What was once known as Decoration Day, Memorial Day continues to be a time for Americans to remember those men and women who gave the ultimate sacrifice for their country.
Since its origination in the years following the Civil War, the observation of Memorial Day has changed over the years.
“Memorial Day for me, since I was a little kid, was to go out to the local cemetery and honor those who served by decorating their graves,” said retired U.S. Air Force Lt. Col. Ed Wheeler.
The tradition of families taking picnic lunches out to the cemetery and spending the day decorating the graves of fallen soldiers has gone by the wayside in recent years. Many people now see Memorial Day as just an unofficial start of summer and a paid day off of work.
“More and more we get away from what (Memorial Day) means,” said retired U.S. Navy Commander Burt Gilpin. “I’m very thankful to have been born and raised in this country, and it was an honor to serve it. I’d do it again.”
For two local families, however, the meaning of Memorial Day is very personal.
Rod Hill will be spending the weekend remembering the sacrifices his brother, Capt. Raymond Dwayne Hill II, made for his country. Capt. Raymond Dwayne Hill II, 39, was with the National Guard and was killed in action on Oct. 29, 2005, from a roadside bomb that exploded near his Humvee while on patrol in Baghdad, Iraq. He left behind a wife and two young daughters. He enjoyed working on classic cars, and was active in 4-H both as a member and as a leader.
“Before my brother’s death, I just remembered those who fought for us in the back of my mind, and mainly spent time with my family on (Memorial Day),” Rod Hill said. “Now I, and our family, truly remember who died for us.

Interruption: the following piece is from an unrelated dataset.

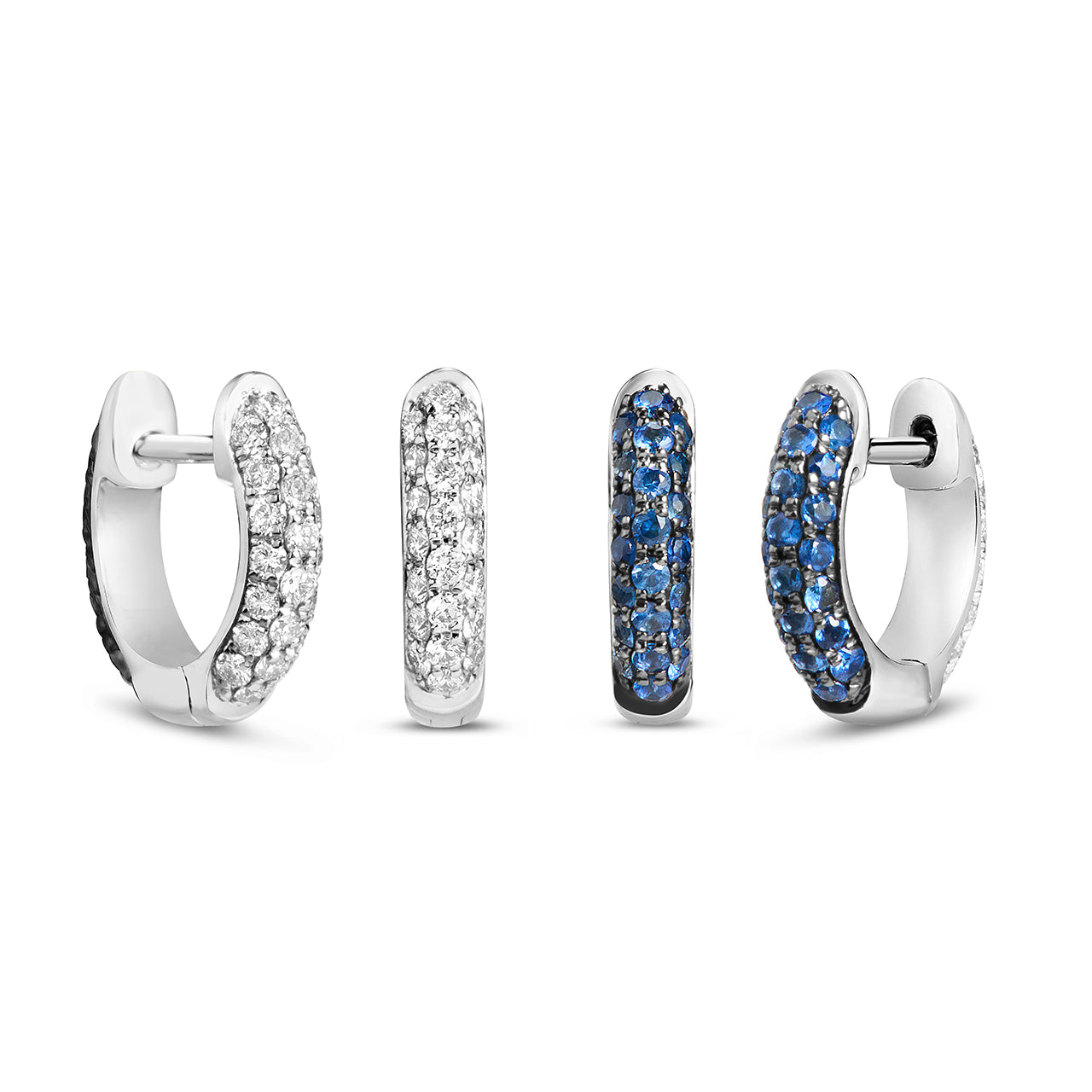 Sapphire & Diamond Pave Reversible Huggie Earring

Since 2005, Memorial Day has had a different meaning.”
Laura Vawter’s observation of Memorial Day also changed after the death of her son, Army Ranger Dale Brehm. . Brehm, 23, was killed in Iraq on March 18, 2006, when his unit came under fire. He left behind a wife.

“It’s taken on a total different meaning to me since Dale’s death,” Vawter said of Memorial Day. “It used to be just a holiday, time off from work. It’s much more than just a time for people to barbecue.
“It’s not a time of celebration; it’s a time of mourning.”
Vawter said that people need to understand and appreciate the true significance of why Memorial Day was established. Especially now, she said, as more and more families are being touched by the death of a loved one in the service.
A community Memorial Day service will be held at 10 a.m. on Monday at Turlock Memorial Park.